# [EXERCISE]
Copy the complete listing word for word, but do not carry over any images.

# [THE DATA]
————
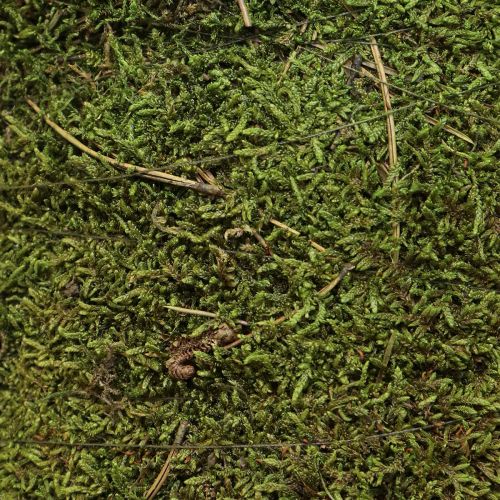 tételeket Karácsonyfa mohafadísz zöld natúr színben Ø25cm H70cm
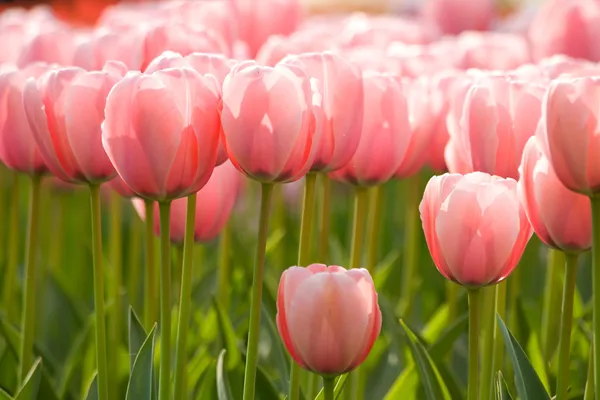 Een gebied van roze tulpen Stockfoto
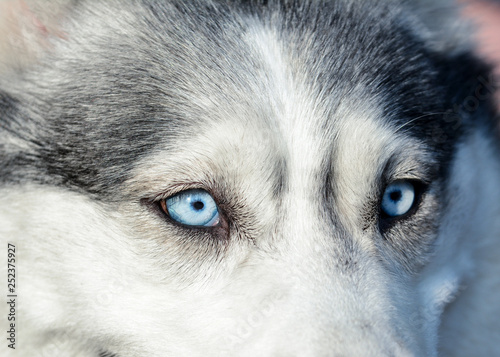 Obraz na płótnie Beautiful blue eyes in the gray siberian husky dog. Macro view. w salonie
————
# [RESPONSE TO THE EXERCISE]
 tételeket Karácsonyfa mohafadísz zöld natúr színben Ø25cm H70cm
 Een gebied van roze tulpen Stockfoto
 Obraz na płótnie Beautiful blue eyes in the gray siberian husky dog. Macro view. w salonie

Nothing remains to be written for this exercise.